:: YOUR OBJECTIVE ::
Below are some entries. Repeat exactly the lines from the one with "Replacement Activated Carbon" through the one with "Only for designs,not", and only those.

:: DATA FOR THIS EXERCISE ::
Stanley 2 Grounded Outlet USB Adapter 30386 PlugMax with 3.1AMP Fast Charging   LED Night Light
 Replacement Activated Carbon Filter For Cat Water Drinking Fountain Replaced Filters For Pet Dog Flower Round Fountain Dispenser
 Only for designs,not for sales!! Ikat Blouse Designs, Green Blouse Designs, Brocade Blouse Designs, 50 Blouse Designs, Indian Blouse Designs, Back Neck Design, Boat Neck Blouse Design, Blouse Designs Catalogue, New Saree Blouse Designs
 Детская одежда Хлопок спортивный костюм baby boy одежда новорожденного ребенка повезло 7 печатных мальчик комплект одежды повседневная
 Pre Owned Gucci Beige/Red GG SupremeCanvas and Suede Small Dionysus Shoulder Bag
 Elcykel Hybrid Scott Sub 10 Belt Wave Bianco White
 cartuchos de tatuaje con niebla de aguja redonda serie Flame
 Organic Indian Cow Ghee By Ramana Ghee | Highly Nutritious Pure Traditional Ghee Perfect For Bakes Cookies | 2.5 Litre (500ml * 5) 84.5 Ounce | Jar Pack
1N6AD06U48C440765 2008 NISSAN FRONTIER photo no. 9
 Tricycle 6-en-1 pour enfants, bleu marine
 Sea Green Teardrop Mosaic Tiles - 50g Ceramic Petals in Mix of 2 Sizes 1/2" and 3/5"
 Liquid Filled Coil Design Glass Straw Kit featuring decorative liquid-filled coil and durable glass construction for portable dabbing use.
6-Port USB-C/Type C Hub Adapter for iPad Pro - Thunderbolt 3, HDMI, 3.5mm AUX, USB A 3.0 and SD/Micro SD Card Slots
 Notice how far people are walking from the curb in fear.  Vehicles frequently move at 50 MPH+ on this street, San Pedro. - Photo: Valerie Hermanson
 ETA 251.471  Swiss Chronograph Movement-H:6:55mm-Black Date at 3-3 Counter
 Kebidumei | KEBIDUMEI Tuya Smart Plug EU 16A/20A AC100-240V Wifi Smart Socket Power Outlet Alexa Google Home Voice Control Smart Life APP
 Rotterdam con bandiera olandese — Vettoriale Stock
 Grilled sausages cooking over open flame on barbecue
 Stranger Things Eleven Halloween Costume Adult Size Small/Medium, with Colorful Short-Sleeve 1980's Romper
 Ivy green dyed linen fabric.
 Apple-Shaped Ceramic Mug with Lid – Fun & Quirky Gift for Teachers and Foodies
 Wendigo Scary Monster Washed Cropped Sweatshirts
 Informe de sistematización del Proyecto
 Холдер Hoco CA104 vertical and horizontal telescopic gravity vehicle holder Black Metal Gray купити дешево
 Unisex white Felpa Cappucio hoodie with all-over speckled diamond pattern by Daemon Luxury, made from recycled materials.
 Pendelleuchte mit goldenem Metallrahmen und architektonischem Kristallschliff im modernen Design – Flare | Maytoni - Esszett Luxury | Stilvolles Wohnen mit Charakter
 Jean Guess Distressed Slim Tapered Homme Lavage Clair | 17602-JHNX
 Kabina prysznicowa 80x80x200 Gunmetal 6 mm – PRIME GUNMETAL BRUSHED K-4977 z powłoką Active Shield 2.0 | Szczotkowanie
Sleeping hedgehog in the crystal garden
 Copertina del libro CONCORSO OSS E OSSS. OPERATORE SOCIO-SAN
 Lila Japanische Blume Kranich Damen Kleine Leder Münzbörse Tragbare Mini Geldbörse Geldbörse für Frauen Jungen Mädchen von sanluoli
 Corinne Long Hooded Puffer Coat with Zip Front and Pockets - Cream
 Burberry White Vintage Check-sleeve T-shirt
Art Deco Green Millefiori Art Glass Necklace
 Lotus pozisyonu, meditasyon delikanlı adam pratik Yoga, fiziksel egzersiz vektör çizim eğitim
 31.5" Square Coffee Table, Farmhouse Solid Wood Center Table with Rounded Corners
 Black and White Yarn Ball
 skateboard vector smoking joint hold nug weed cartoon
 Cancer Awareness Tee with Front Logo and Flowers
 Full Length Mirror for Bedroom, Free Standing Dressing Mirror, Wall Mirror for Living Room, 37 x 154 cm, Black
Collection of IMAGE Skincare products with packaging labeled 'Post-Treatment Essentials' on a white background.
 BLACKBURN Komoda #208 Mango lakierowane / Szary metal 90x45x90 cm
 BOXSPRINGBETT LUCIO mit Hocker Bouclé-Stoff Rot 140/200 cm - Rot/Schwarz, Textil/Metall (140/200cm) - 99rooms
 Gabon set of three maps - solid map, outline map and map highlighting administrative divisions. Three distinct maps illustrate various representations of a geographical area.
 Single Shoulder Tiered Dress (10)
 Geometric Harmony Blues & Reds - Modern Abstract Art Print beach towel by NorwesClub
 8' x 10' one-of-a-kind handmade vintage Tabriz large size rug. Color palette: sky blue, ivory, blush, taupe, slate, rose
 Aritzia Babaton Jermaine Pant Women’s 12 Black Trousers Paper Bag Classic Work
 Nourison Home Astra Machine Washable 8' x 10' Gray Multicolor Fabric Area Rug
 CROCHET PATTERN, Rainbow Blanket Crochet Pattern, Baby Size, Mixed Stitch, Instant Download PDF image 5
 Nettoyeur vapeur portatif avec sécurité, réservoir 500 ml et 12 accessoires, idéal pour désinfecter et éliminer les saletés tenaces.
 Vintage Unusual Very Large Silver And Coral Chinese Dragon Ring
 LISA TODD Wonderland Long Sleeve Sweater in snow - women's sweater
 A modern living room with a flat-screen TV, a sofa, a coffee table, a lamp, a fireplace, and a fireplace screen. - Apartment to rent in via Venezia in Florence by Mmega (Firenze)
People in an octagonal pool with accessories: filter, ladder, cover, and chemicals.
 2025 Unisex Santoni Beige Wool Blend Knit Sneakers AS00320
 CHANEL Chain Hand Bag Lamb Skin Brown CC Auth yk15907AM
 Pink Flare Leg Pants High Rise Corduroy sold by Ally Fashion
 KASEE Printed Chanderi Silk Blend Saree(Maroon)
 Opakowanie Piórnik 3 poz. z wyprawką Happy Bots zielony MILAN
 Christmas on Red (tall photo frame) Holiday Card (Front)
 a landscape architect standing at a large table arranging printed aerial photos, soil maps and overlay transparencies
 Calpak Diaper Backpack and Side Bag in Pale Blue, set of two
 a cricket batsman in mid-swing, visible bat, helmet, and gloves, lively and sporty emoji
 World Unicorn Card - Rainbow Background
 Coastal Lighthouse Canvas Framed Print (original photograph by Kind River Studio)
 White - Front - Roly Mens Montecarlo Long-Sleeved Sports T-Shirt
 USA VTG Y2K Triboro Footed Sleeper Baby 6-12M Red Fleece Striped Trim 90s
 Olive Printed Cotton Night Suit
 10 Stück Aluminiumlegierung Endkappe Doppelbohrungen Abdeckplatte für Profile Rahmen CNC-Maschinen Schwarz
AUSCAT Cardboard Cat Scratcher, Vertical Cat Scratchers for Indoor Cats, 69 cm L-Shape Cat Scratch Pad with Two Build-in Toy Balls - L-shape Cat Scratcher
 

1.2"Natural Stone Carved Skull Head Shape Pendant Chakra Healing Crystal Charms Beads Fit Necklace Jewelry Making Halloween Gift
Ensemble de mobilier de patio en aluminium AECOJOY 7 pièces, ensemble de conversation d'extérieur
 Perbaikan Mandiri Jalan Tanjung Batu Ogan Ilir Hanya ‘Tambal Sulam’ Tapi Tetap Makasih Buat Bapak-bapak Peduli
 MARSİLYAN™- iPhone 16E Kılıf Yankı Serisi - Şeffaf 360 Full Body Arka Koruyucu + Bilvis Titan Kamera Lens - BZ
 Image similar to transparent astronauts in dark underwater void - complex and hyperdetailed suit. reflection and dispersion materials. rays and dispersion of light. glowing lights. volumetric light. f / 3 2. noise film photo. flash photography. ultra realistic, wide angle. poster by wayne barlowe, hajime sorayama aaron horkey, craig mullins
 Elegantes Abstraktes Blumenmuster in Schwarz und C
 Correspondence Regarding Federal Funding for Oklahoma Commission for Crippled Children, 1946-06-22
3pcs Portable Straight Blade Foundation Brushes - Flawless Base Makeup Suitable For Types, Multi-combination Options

:: RESPONSE TO THE TASK ::
 Replacement Activated Carbon Filter For Cat Water Drinking Fountain Replaced Filters For Pet Dog Flower Round Fountain Dispenser
 Only for designs,not for sales!! Ikat Blouse Designs, Green Blouse Designs, Brocade Blouse Designs, 50 Blouse Designs, Indian Blouse Designs, Back Neck Design, Boat Neck Blouse Design, Blouse Designs Catalogue, New Saree Blouse Designs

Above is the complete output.